Die Regierungsfraktionen SPD und Grüne, aber auch die CDU, zeigten sich zufrieden mit der grundsätzlichen Einigung. "Die bisherigen Kontrollbefugnisse [...] werden beibehalten und auf eine die rechtlichen Vorgaben berücksichtigende Grundlage gestelt", erklärte der SPD-Mitglied Arno Münster. Die innenpolitische Sprecherin der Grünen, Antje Möller, betonte: "Es wird in Hamburg keine Gefahrengebiete mehr geben." Die Polizei könne auch künftig ihrer Aufgabe voll gerecht werden. "Mit der Verlängerung der rechtlichen Regelung zur Waffenverbotszone auf der Reeperbahn bleiben auch hier die Handlungsmöglichkeiten der Polizei bestehen."

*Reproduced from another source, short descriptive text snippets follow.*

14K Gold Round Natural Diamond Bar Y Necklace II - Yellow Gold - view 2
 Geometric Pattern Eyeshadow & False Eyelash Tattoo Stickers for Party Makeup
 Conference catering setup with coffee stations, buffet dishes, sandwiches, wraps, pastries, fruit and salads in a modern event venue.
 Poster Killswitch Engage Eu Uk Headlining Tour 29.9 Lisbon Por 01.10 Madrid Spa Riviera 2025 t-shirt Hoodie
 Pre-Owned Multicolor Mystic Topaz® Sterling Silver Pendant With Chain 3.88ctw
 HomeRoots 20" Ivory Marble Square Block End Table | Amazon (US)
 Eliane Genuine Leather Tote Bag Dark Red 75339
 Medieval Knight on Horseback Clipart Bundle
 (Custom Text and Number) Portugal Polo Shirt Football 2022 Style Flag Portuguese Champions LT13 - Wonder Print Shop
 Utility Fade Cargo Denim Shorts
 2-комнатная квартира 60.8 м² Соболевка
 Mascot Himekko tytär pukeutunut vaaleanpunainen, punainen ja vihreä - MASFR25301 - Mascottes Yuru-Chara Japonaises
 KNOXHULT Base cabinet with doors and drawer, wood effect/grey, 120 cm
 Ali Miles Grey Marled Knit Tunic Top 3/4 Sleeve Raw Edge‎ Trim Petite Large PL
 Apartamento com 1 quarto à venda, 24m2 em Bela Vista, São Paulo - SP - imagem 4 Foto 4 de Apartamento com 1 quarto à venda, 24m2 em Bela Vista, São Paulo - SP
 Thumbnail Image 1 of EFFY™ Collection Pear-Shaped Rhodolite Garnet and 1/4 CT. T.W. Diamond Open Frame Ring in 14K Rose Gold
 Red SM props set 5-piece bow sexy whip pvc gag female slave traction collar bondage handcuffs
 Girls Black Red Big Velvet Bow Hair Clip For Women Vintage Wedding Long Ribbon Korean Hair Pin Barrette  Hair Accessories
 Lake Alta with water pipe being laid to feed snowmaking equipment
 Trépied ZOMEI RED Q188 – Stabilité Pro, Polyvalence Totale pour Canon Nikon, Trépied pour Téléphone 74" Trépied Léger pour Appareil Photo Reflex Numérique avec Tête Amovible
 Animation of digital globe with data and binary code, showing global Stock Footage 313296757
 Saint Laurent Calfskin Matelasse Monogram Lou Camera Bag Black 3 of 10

"Die Polizei darf künftig nicht nur wie bisher Personen anhalten und deren Identität feststellen, sondern hat auch weitreichendere Kompetenzen im Bereich der Durchsuchung", lobte der CDU-Politiker Dennis Gladiator die Senatspläne. Er erwarte, dass diese Befugnisse schnell gesetzlich fixiert werden. "Der untaugliche Versuch der Grünen, ihr Scheitern in diesem Punkt zu vertuschen, ist einfach nur peinlich", sagte er. Die Linken erneuerten ihre Forderung nach einem endgültigen Aus für Gefahrengebiete. "Es ist höchste Zeit, dass dieses polizeiliche Instrument abgeschafft wird, und zwar vollständig", erklärten deren Parteimitglied Christiane Schneider.

dpa/ms/LTO-Redaktion

Zitiervorschlag

Rot-Grün will Hamburger Polizeibefugnisse ändern: . In: Legal Tribune Online, 27.04.2016 , https://www.lto.de/persistent/a_id/19232 (abgerufen am: 23.11.2024 )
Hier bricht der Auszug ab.